▶ **ABOUT THIS EXERCISE**
Return a faithful copy of all the entries, omitting the images.
----- GIVEN INFORMATION
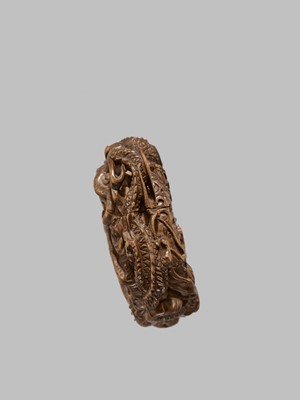Lot 58 - A FINE WOOD TONKOTSU WITH DRAGONS AND A TIGER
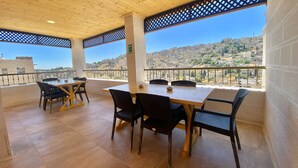 A terrace with a wooden ceiling, a table with chairs, and a view of a cityscape. - VillaMira GuestHouse 2 Downtown Amman (Amman)
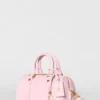 Alo Mini Voyage – sonnenverwöhntes rosa Leder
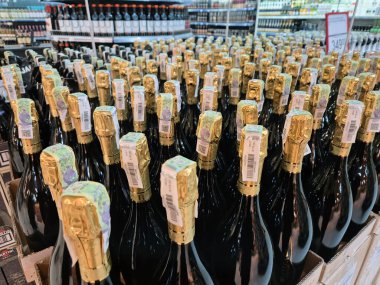 Dnipro, Ukrayna - 18 Şubat 2025: Süpermarkette şampanya şişeleri. Altın folyoda bir şişe şampanya. Süpermarkette bir sürü şampanya şişesi var..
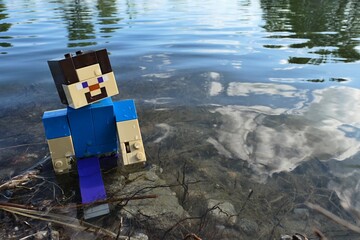 Naklejka premium LEGO Minecraft Steve walking out of shallow water of large spring fish pond, remains of aquatic plants under his feet and reflection of clouds visible. 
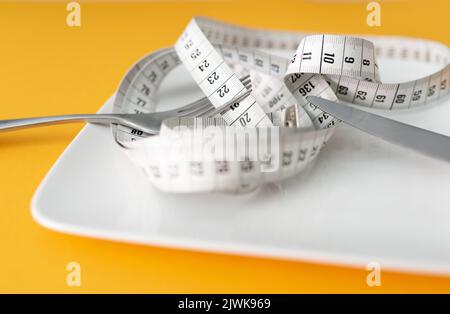 tape measure on plate with fork and knife against orange table background, dieting and loosing weight concept Stock Photo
----------
▶ **SOLUTION FOR THIS PROBLEM**
Lot 58 - A FINE WOOD TONKOTSU WITH DRAGONS AND A TIGER
 A terrace with a wooden ceiling, a table with chairs, and a view of a cityscape. - VillaMira GuestHouse 2 Downtown Amman (Amman)
 Alo Mini Voyage – sonnenverwöhntes rosa Leder
 Dnipro, Ukrayna - 18 Şubat 2025: Süpermarkette şampanya şişeleri. Altın folyoda bir şişe şampanya. Süpermarkette bir sürü şampanya şişesi var..
 Naklejka premium LEGO Minecraft Steve walking out of shallow water of large spring fish pond, remains of aquatic plants under his feet and reflection of clouds visible. 
 tape measure on plate with fork and knife against orange table background, dieting and loosing weight concept Stock Photo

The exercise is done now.